_WHAT YOU ARE ASKED TO DO_.
Copy the material below verbatim from the line with "Vintage Vintage Cardinal Jacket" to the line with "Haushalts-, Mehrzweck- und", both lines included, omitting pictures and every line outside that range.

_SUPPLIED RECORDS_.
• • •
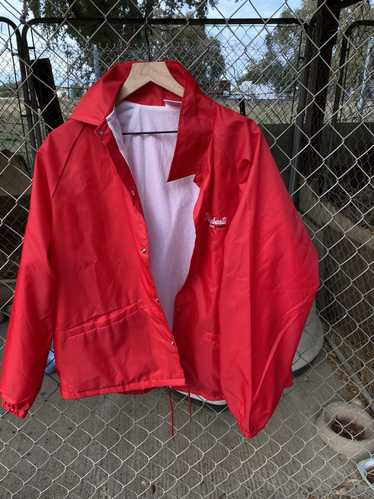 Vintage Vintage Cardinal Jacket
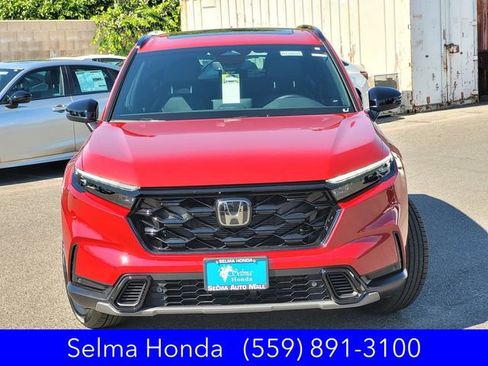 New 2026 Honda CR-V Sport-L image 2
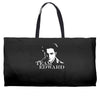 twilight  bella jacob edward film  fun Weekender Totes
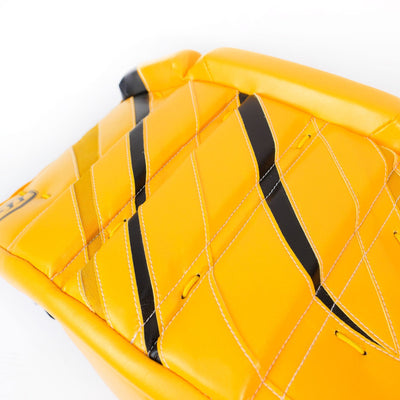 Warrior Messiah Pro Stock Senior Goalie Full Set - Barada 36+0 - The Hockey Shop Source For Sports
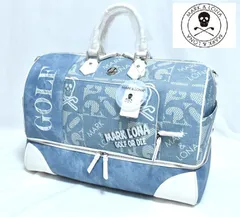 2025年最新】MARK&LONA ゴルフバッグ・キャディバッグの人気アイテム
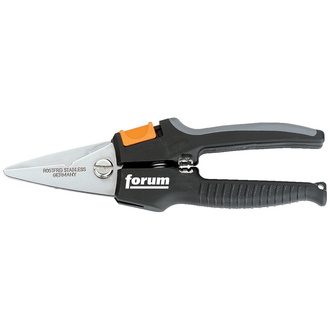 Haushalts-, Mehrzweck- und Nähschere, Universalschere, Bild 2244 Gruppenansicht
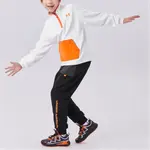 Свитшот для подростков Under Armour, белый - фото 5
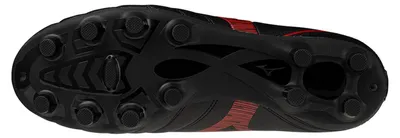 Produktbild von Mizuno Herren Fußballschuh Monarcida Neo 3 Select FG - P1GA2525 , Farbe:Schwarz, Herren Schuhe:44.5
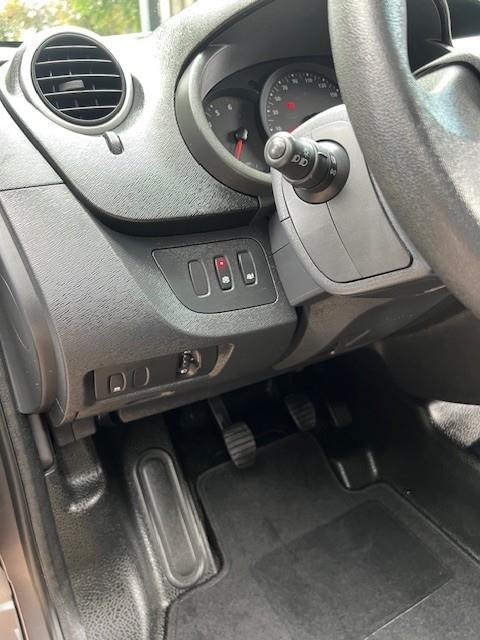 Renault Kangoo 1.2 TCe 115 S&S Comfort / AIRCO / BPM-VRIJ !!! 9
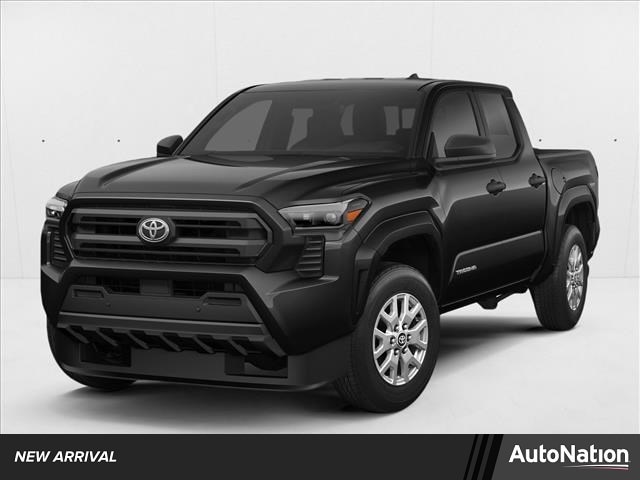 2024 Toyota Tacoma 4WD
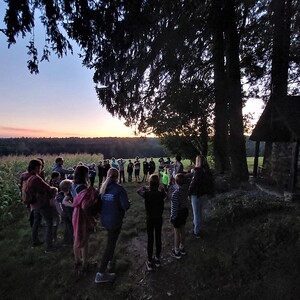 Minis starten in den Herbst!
• • •
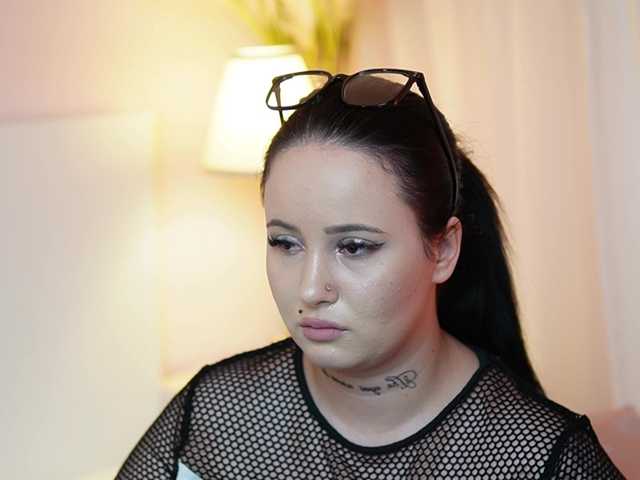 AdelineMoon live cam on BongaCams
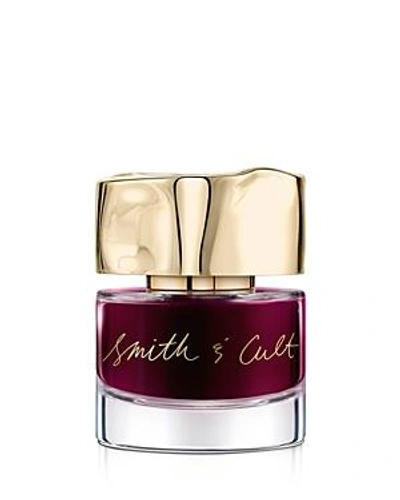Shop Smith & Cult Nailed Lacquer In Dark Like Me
• • •
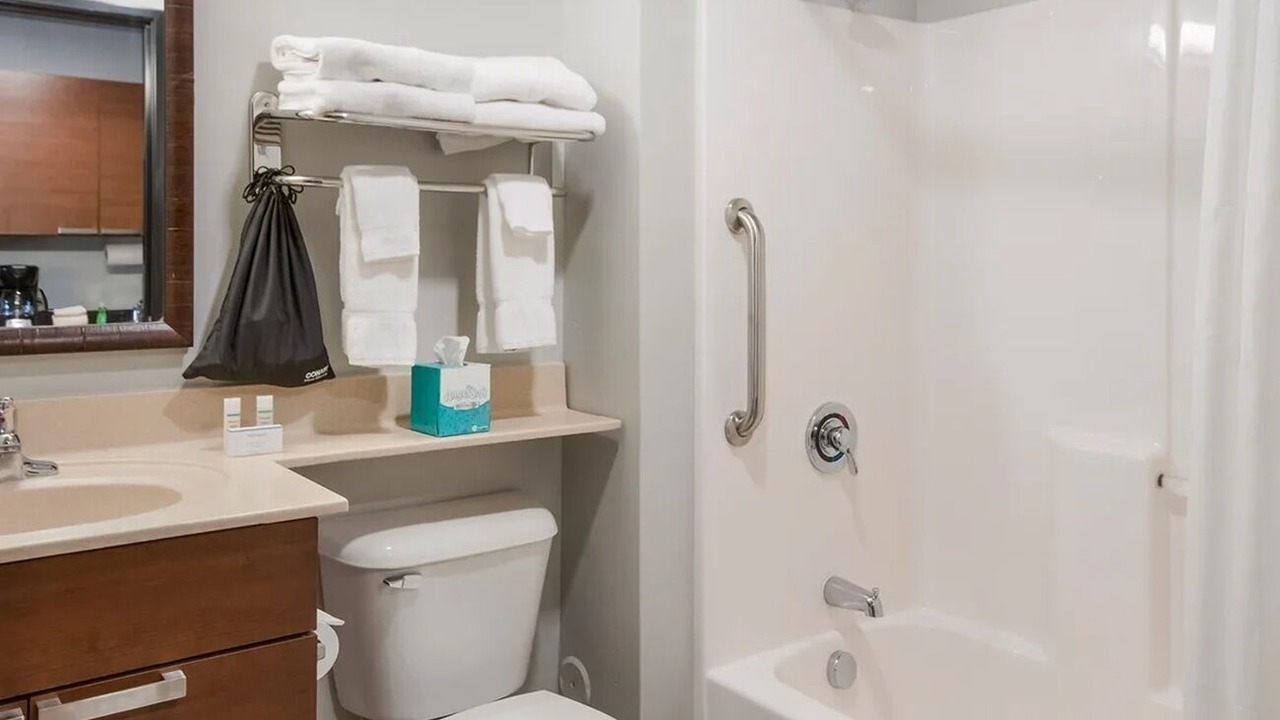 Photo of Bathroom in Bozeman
• • •
_OUTPUT BELOW_.
 Vintage Vintage Cardinal Jacket
 New 2026 Honda CR-V Sport-L image 2
 twilight  bella jacob edward film  fun Weekender Totes
 Warrior Messiah Pro Stock Senior Goalie Full Set - Barada 36+0 - The Hockey Shop Source For Sports
 2025年最新】MARK&LONA ゴルフバッグ・キャディバッグの人気アイテム
 Haushalts-, Mehrzweck- und Nähschere, Universalschere, Bild 2244 Gruppenansicht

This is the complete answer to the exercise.